═════ SUPPLIED INFORMATION ═════

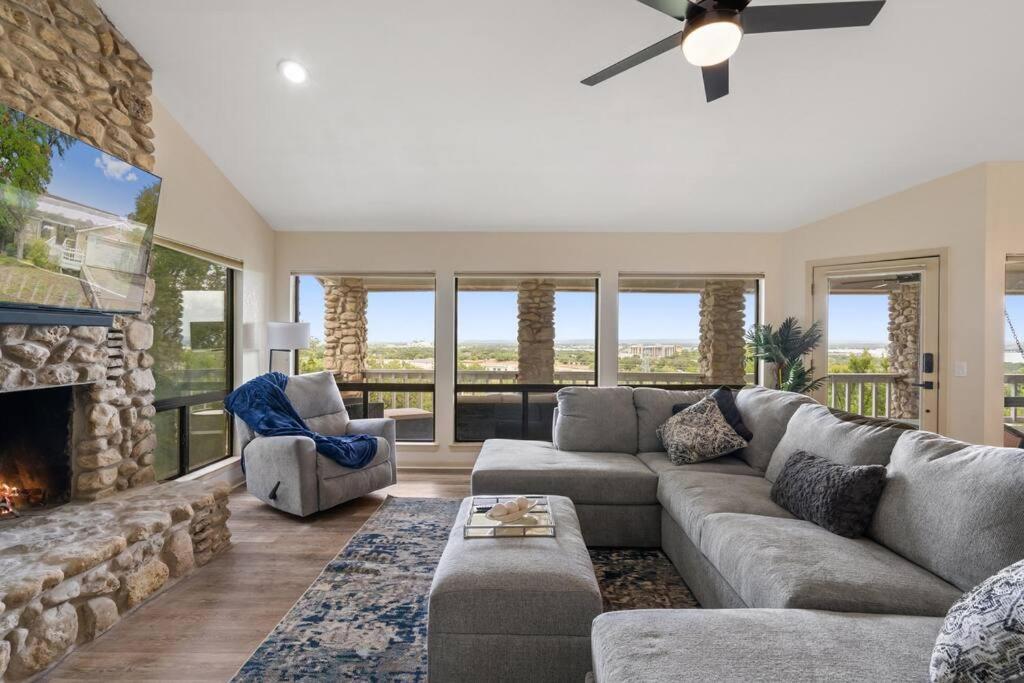 Spacious Lakeview Golf Course View 3 Bedroom Home!, Horseshoe Bay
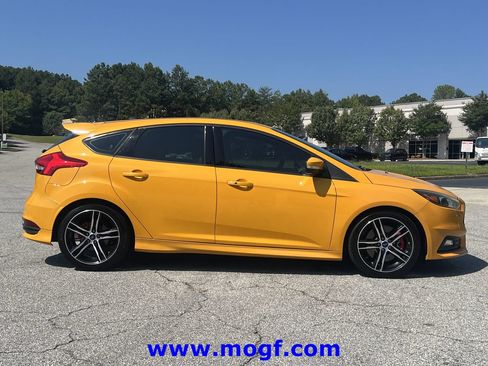 Used 2016 Ford Focus ST w/ Equipment Group 402A FWD image 28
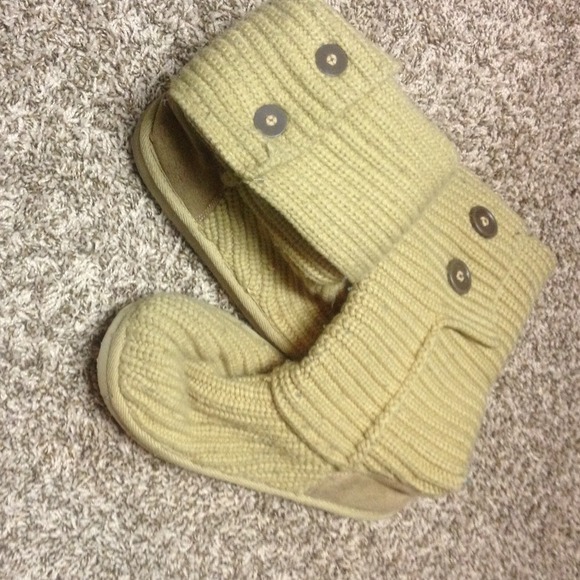 Sweater boots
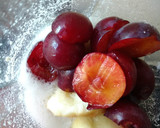Foto del paso 2 de la receta: Licuado smoothie de ciruelas y pera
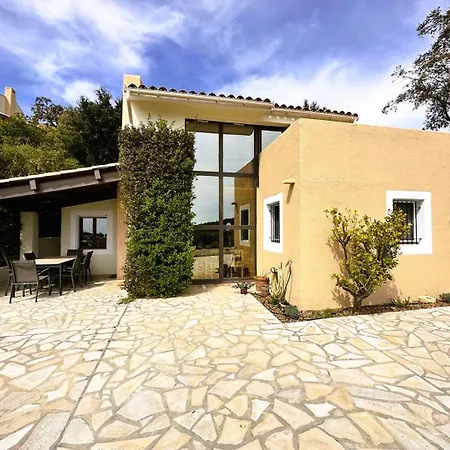 Villa Les Medes Pour 7 Personnes Sur Le Domaine De Valcros, A *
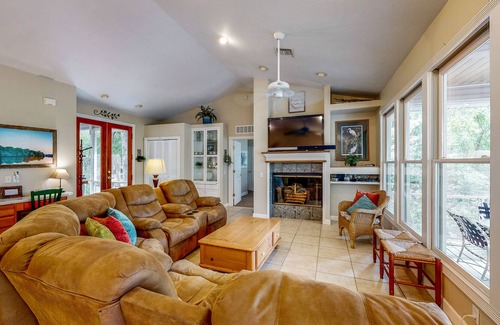 Bell House | Inviting dog-friendly home with boat ramp, W/D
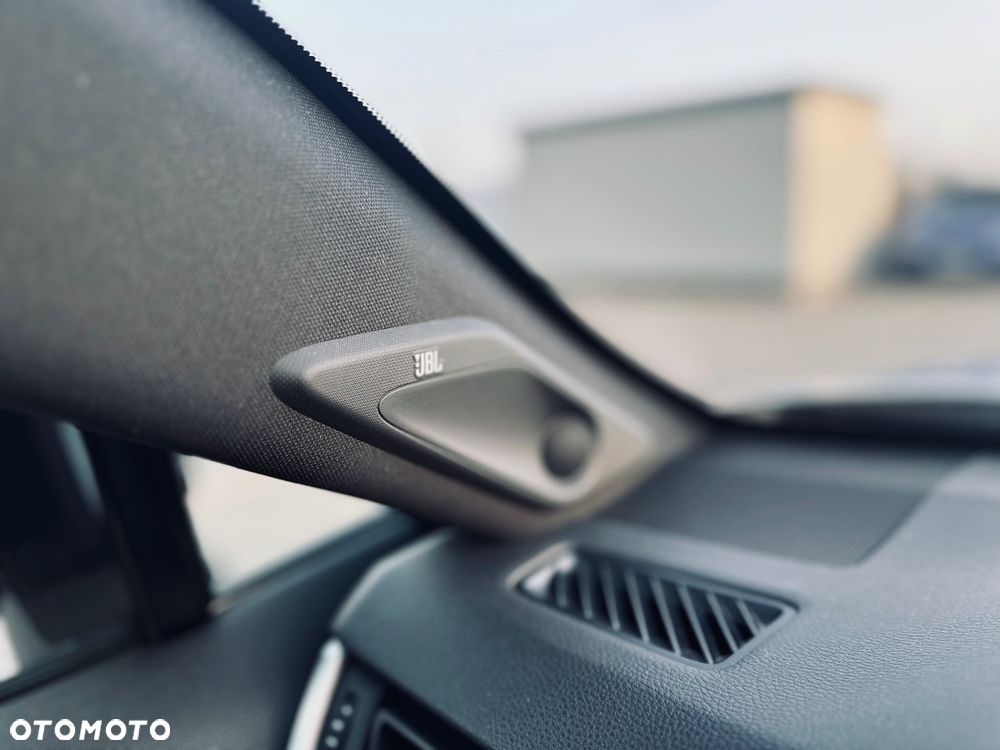 Toyota RAV4 2.5 Hybrid Black Edition by JBL 4x4 - 13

═════

- WHAT YOU WILL DO
An exact transcription is needed, covering the line with "Sweater boots" and every line after it to the end of the entries, but not the pictures.

- ANSWER TO THIS TASK
 Sweater boots
Foto del paso 2 de la receta: Licuado smoothie de ciruelas y pera
 Villa Les Medes Pour 7 Personnes Sur Le Domaine De Valcros, A *
 Bell House | Inviting dog-friendly home with boat ramp, W/D
 Toyota RAV4 2.5 Hybrid Black Edition by JBL 4x4 - 13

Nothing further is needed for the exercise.